§ **TO DO**:
Print exactly what appears from the line containing "중구 순화동 리모델링 업체 정보 안내" through the final line of the data below, pictures excluded.

§ **THE DATA**:
--------------------
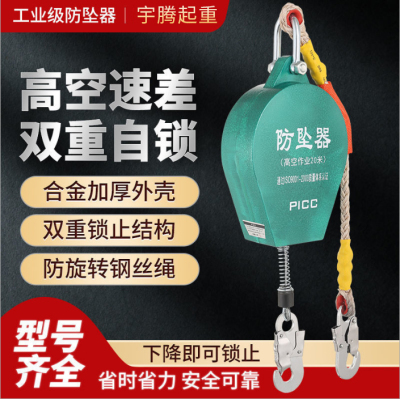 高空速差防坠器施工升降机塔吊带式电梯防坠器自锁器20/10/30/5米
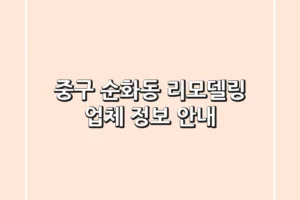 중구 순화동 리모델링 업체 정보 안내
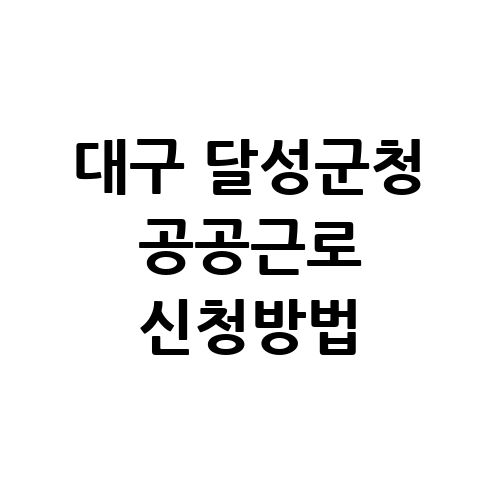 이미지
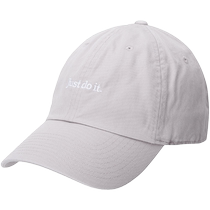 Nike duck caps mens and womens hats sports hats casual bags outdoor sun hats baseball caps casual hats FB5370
--------------------
§ **OUTPUT OF THE TASK**:
 중구 순화동 리모델링 업체 정보 안내
 이미지
 Nike duck caps mens and womens hats sports hats casual bags outdoor sun hats baseball caps casual hats FB5370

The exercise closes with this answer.